Yesterday, the Bank of England’s Monetary Policy Committee voted by a majority of 7-1 to leave the bank rate at 0.25%, with Kristin Forbes being the only one in favour of an immediate hike in rates. The result came as no surprise as the vast majority of economists were not expecting to see any change in monetary policy.
In the inflation report the BoE said that sustainability of the current loose policy (low rates and QE) would to a “great extent depend on inflation expectations holding steady”. Some of the MPC members commented that they would give up their dovish stance relatively soon should they see any signs of an upside momentum in GDP or any further upticks in inflation which is currently above the bank’s ideal target level. However, lets hope their change in stance isn’t little too late…
The BoE also maintained its government bond purchase programme at £435B whilst continuing its corporate bond buying plan at up to £10B. Furthermore, they altered the UK’s economic outlook, slashing their 2017 growth forecast to 1.9% from 2%.

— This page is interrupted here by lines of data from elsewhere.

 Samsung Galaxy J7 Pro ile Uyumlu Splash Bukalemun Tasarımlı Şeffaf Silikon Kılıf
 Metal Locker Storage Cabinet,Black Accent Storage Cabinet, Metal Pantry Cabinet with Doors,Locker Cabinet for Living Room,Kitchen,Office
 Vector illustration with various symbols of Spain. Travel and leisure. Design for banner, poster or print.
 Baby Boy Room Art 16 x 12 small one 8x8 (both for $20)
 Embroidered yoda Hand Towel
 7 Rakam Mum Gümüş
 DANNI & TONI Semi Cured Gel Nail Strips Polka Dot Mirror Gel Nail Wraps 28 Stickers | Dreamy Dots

The Pound experienced a sell-off following the release of the inflation report and its fall was exacerbated by the bank’s assessment about household consumption, which it said is set to slow more than forecast in the near-term.
The Dollar strengthened late on Thursday as economic data offered signs that the labour market is holding steady and inflation is picking up in the U.S.

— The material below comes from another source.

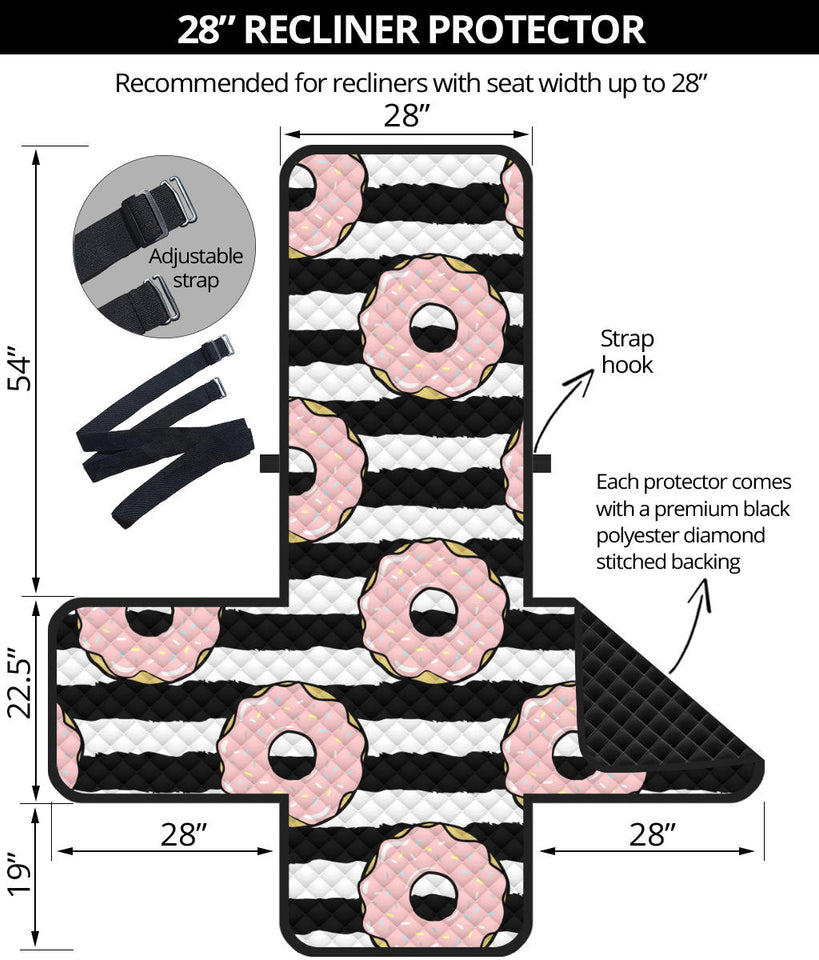 Donuts pink icing striped pattern Recliner Cover Protector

According to the Bureau of Labour Statistics, US producer prices rose 0.5% for the month of April following the preceding month’s 0.1% decline, surpassing analysts’ expectations for a moderate increase of 0.2%. On a yearly basis the Producer Price Index posted a gain of 2.5% in the reported month, the strongest increase since February 2012 compared to the 2.3% registered in March.
Rising inflation and a healthy labour market may give the Federal Reserve further cause to lift interest rates as early as June and potentially fuel the rates outlook, which would be supportive to gains in the US Dollar against its rivals.
In other news, the Saudi’s have announced that they plan to invest $40b in US infrastructure and China has agreed to open up its market to US credit card companies as well as resume imports of US beef. This will be part of “a package” seen as the first steps in redefining the trade relationship between the world’s largest two economies.
The Euro is steady this morning following yesterday’s gains versus the Pound.
German growth and inflation numbers released this morning have also helped as they came in as per market expectations.
The initial Gross Domestic Product figure for the Eurozone’s largest economy came in at 0.6% in the first quarter of 2017 and 1.7% Year over Year. Both releases were exactly as predicted by analysts.